PROMPT =
Return each line of the data below exactly, omitting any pictures.

THE DATA =
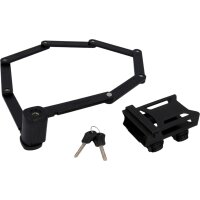 FISCHER Falt-Fahrradschloss XL mit Halter, Länge:...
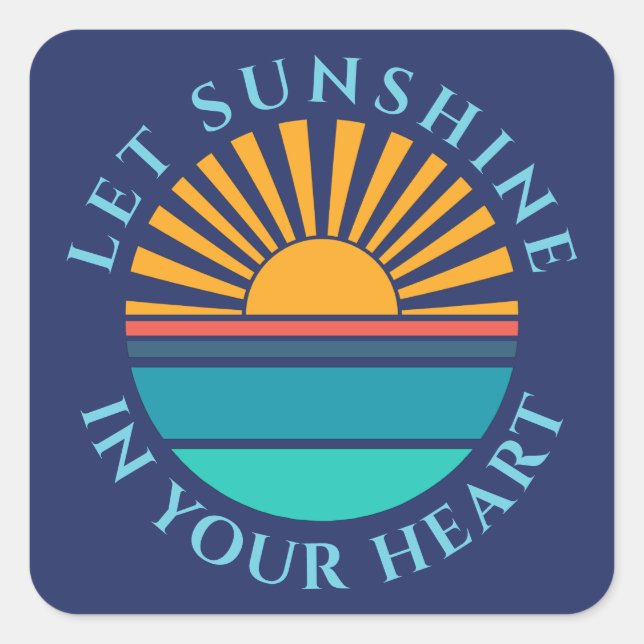 Photo Template Square Sticker (Front)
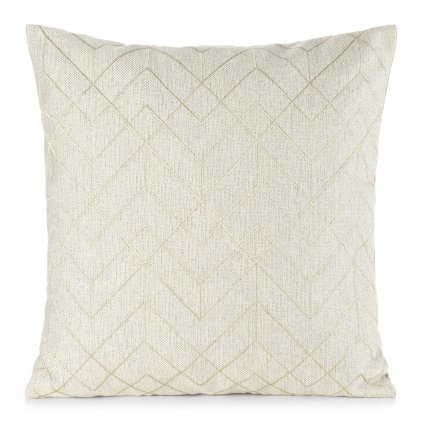 DEKORAČNÍ POVLAK NA POLŠTÁŘ MILA1 45X45 CM KRÉMOVÁ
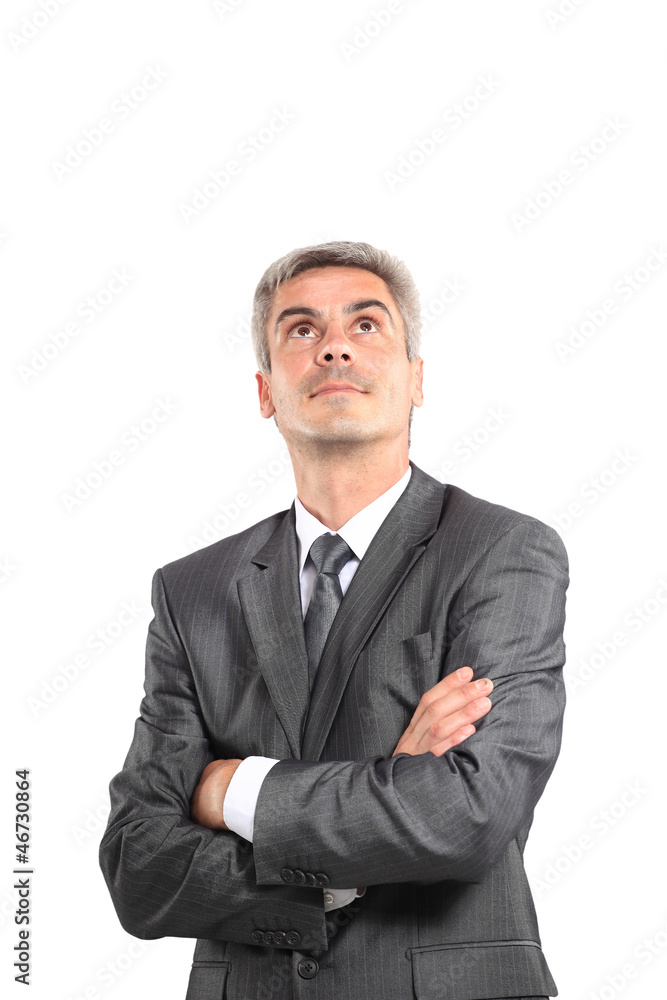 Smiling handsome businessman. Isolated over white background Smiling handsome businessman. Isolated over white background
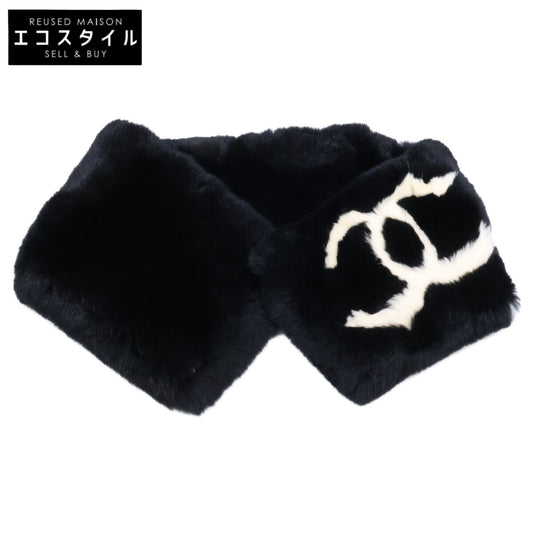 CHANEL シャネル ココマーク ラパン ラビットファー ティペット マフラー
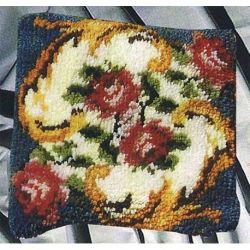 Smyrna-knoopkussen rozen Smyrnalaine 3055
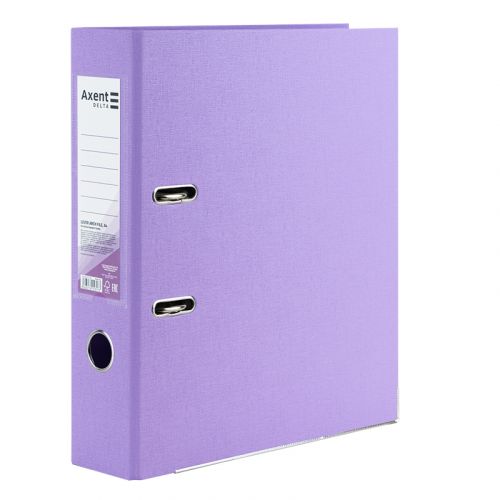 Папка-реєстратор двост.  PP 7,5 cм, розібр, Pastelini, бузкова  мініатюра фото 1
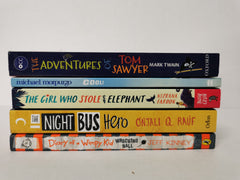 *BUNDLE* OF 5 BOOKS FOR School Children 8+ yrs Inc Diary of a Wimpy Kid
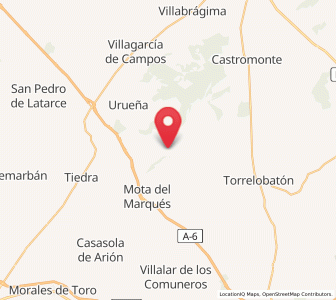 Map of San Cebrián de Mazote, Castille and León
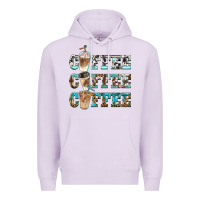Lilac western coffees Premium Hoodie - BarkalooDesign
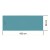 Килимок спортивний Cornix PU 183 x 68 x 0.4 см для йоги та фітнесу XR-0318 Turquoise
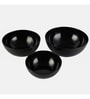 VOIDROP Melamine Air Tight Storage Bowl Set with Lids, 3 Piece Set (Stock & Seal Wooden) (1 x 550ml, 1 x 1200ml, 1 x 2200ml) Off White
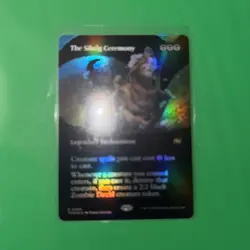 x1 The Sibsig Ceremony - Foil - Borderless R MTG Tarkir: Dragonstorm M/NM, Engli - Image 1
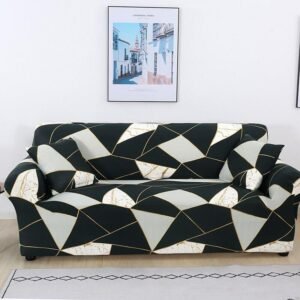 Housse de Canapé Géométrique - Géométrique / Canapé compris entre 190-230cm (1 housse) 2 housse-de-canape-geometrique-geometrique-canape-compris-entre-145-185cm-1-housse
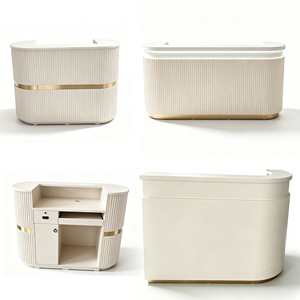 Mobilier de salon de beauté : Lit de massage facial électrique, <span class=keywords><strong>fauteuil</strong></span> de pédicure, comptoir d'accueil, canapé d'attente, chariot de service - Product Image 6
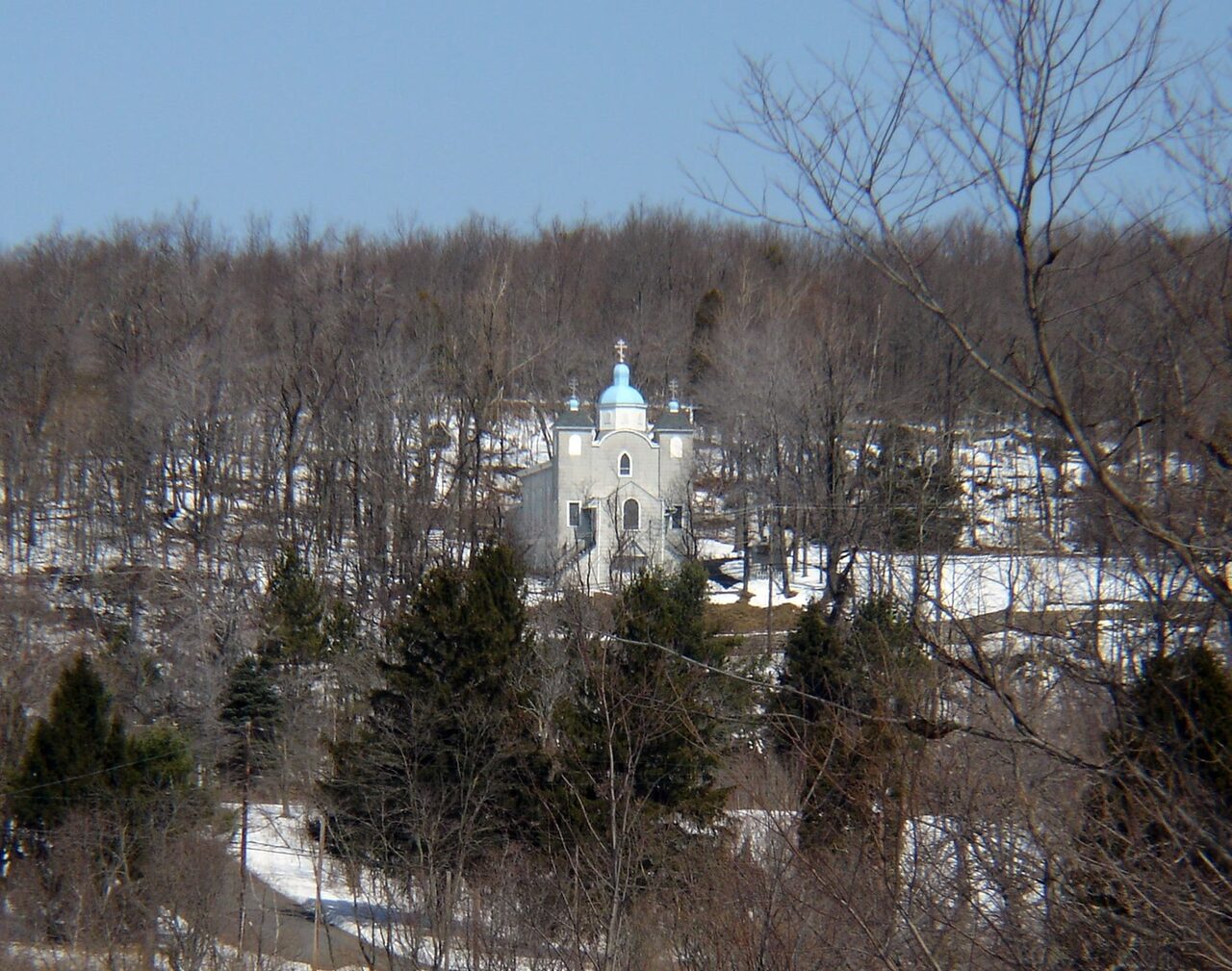 The church on the hill in March 2007. Its parish is still listed at Centralia, PA 17927.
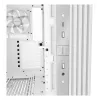 Korpusas be quiet! LIGHT BASE 600 LX White Midi Tower – ATX, šoninis langas, ARGB priekis, USB-C, palaiko 360 mm radiatorių
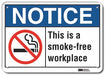 No Smoking Sign 7 in x 10 in Aluminum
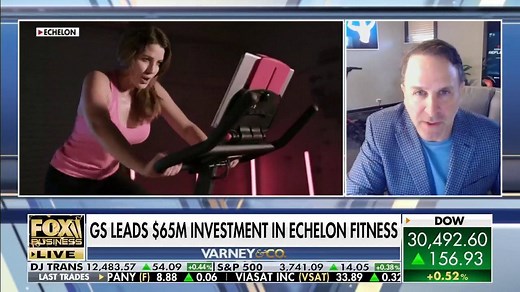 On Wednesday's Varney & Co., Echelon Fitness CEO Lou Lentine explained his company's expansion goals for 2021, including investment in their fitness training app. | Fox Business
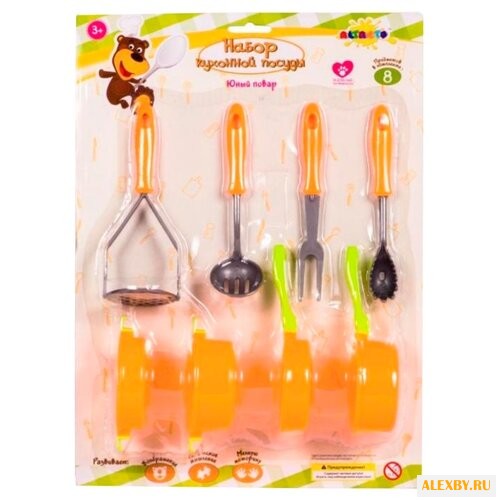 Набор посуды Altacto Юный повар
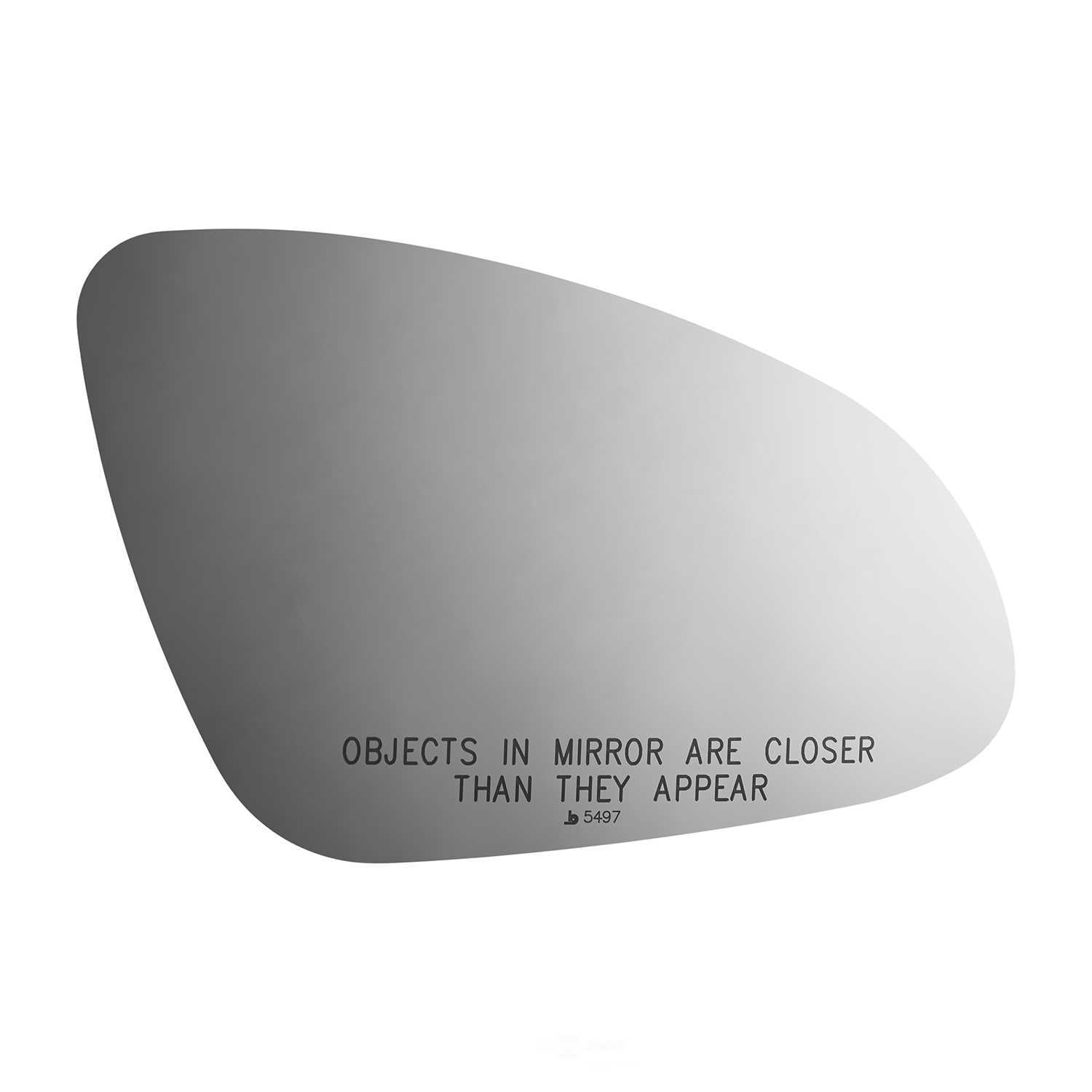 Burco Side View Mirror Replacement Glass - Clear Glass - 5497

EXERCISE SOLUTION =
 FISCHER Falt-Fahrradschloss XL mit Halter, Länge:...
 Photo Template Square Sticker (Front)
 DEKORAČNÍ POVLAK NA POLŠTÁŘ MILA1 45X45 CM KRÉMOVÁ
 Smiling handsome businessman. Isolated over white background Smiling handsome businessman. Isolated over white background
 CHANEL シャネル ココマーク ラパン ラビットファー ティペット マフラー
 Smyrna-knoopkussen rozen Smyrnalaine 3055
 Папка-реєстратор двост.  PP 7,5 cм, розібр, Pastelini, бузкова  мініатюра фото 1
 *BUNDLE* OF 5 BOOKS FOR School Children 8+ yrs Inc Diary of a Wimpy Kid
 Map of San Cebrián de Mazote, Castille and León
Lilac western coffees Premium Hoodie - BarkalooDesign
 Килимок спортивний Cornix PU 183 x 68 x 0.4 см для йоги та фітнесу XR-0318 Turquoise
 VOIDROP Melamine Air Tight Storage Bowl Set with Lids, 3 Piece Set (Stock & Seal Wooden) (1 x 550ml, 1 x 1200ml, 1 x 2200ml) Off White
 x1 The Sibsig Ceremony - Foil - Borderless R MTG Tarkir: Dragonstorm M/NM, Engli - Image 1
 Housse de Canapé Géométrique - Géométrique / Canapé compris entre 190-230cm (1 housse) 2 housse-de-canape-geometrique-geometrique-canape-compris-entre-145-185cm-1-housse
 Mobilier de salon de beauté : Lit de massage facial électrique, <span class=keywords><strong>fauteuil</strong></span> de pédicure, comptoir d'accueil, canapé d'attente, chariot de service - Product Image 6
 The church on the hill in March 2007. Its parish is still listed at Centralia, PA 17927.
 Korpusas be quiet! LIGHT BASE 600 LX White Midi Tower – ATX, šoninis langas, ARGB priekis, USB-C, palaiko 360 mm radiatorių
 No Smoking Sign 7 in x 10 in Aluminum
 On Wednesday's Varney & Co., Echelon Fitness CEO Lou Lentine explained his company's expansion goals for 2021, including investment in their fitness training app. | Fox Business
 Набор посуды Altacto Юный повар
 Burco Side View Mirror Replacement Glass - Clear Glass - 5497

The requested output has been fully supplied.